* [GOAL OF THE EXERCISE]: Your reply should set down word for word each line below from the one with "1201 E Iberian" through the final line, both included, but none of the pictures.

* [PROVIDED RECORDS]:

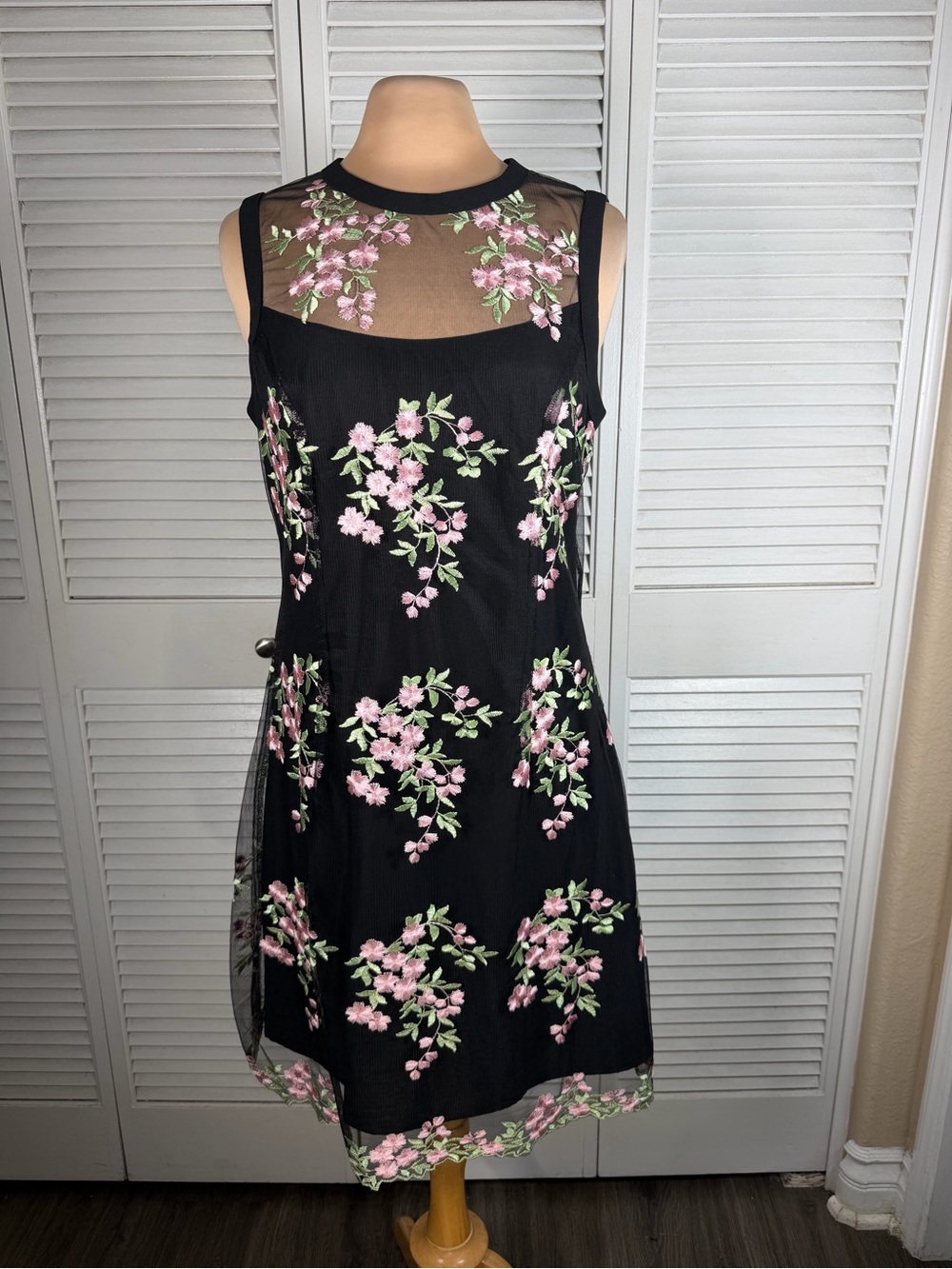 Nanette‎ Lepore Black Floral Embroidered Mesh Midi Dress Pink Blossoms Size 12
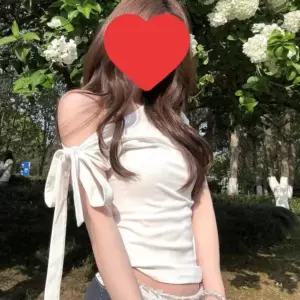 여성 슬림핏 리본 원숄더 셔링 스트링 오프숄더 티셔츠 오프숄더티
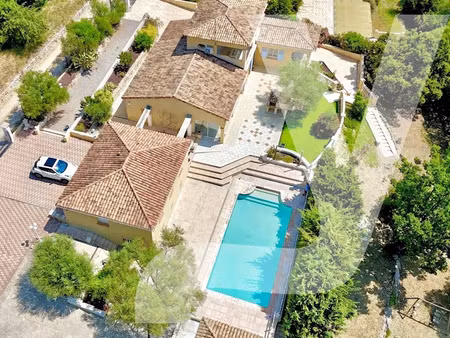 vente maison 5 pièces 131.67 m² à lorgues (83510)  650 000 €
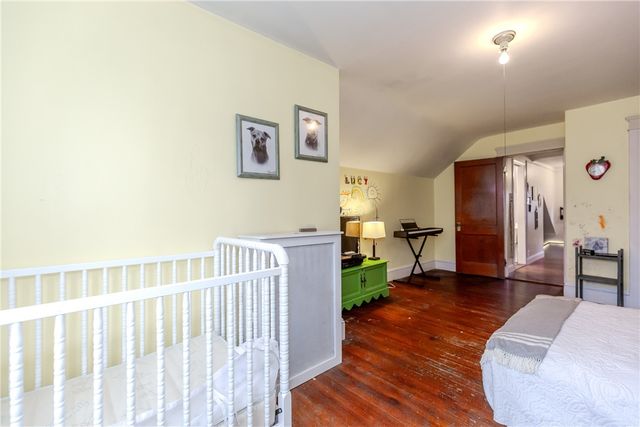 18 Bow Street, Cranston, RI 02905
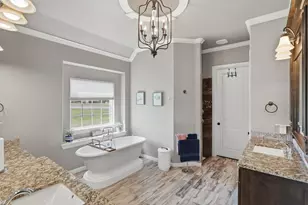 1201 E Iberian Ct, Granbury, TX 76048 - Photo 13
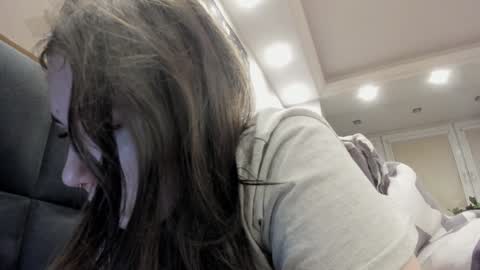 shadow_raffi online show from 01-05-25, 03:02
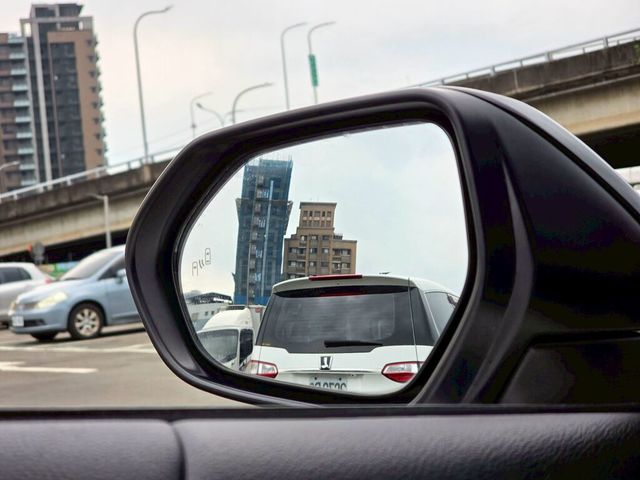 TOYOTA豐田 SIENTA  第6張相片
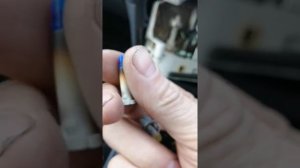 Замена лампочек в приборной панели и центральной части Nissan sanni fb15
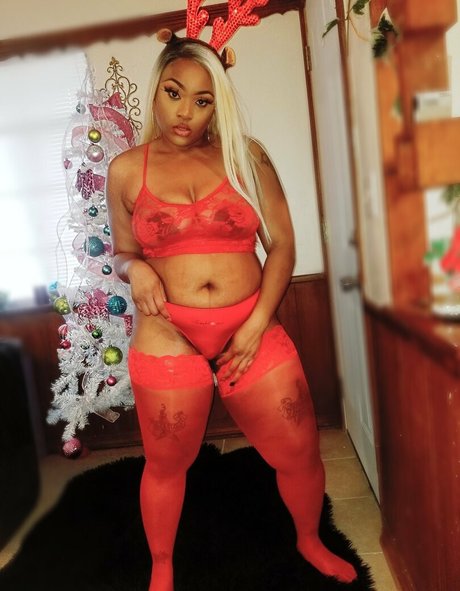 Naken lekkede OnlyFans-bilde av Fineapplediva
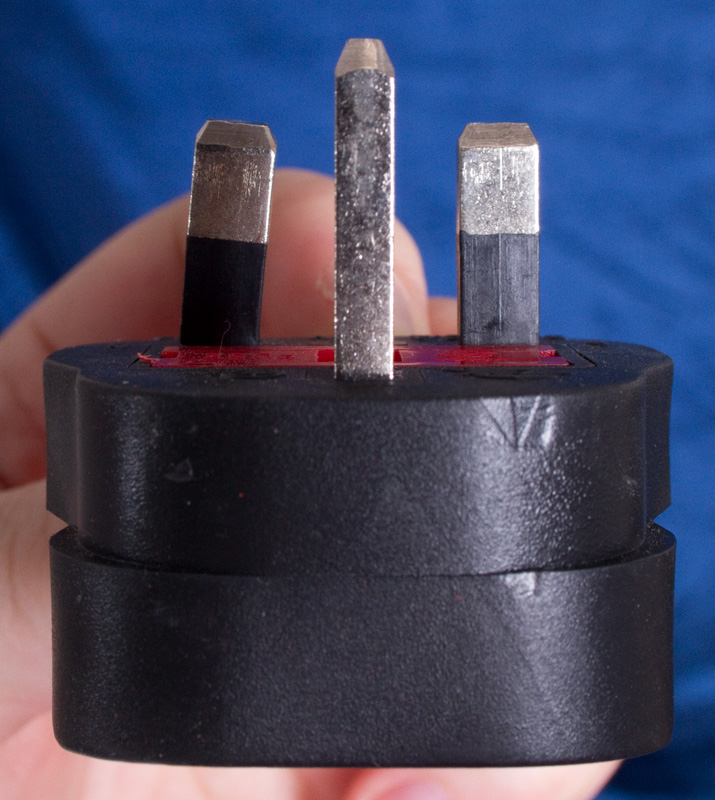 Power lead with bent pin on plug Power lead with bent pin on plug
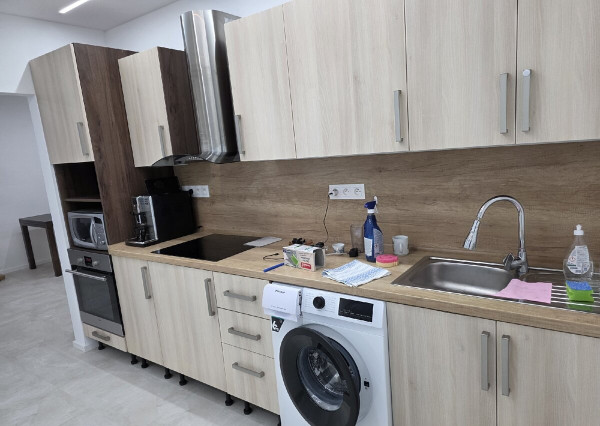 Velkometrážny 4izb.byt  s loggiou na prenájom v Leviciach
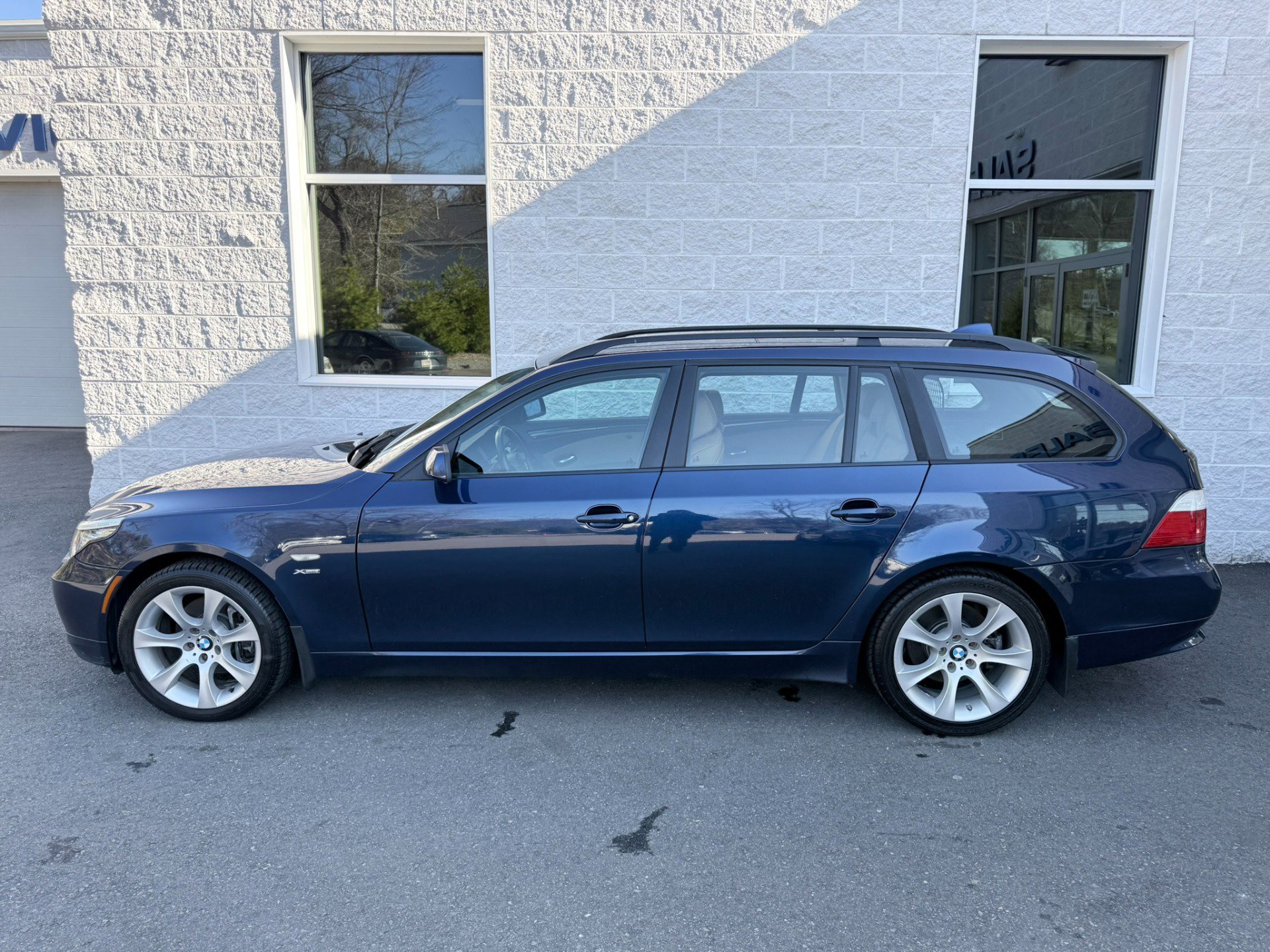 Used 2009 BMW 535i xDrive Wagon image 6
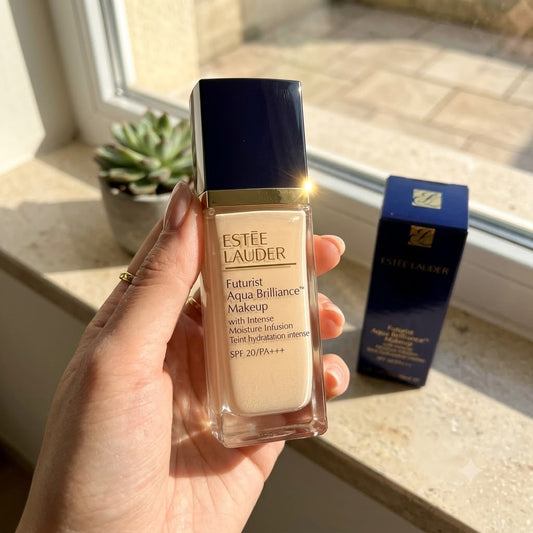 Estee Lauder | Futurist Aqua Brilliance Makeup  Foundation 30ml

* [ANSWER FOR THIS EXERCISE]:
 1201 E Iberian Ct, Granbury, TX 76048 - Photo 13
 shadow_raffi online show from 01-05-25, 03:02
 TOYOTA豐田 SIENTA  第6張相片
 Замена лампочек в приборной панели и центральной части Nissan sanni fb15
 Naken lekkede OnlyFans-bilde av Fineapplediva
 Power lead with bent pin on plug Power lead with bent pin on plug
 Velkometrážny 4izb.byt  s loggiou na prenájom v Leviciach
 Used 2009 BMW 535i xDrive Wagon image 6
 Estee Lauder | Futurist Aqua Brilliance Makeup  Foundation 30ml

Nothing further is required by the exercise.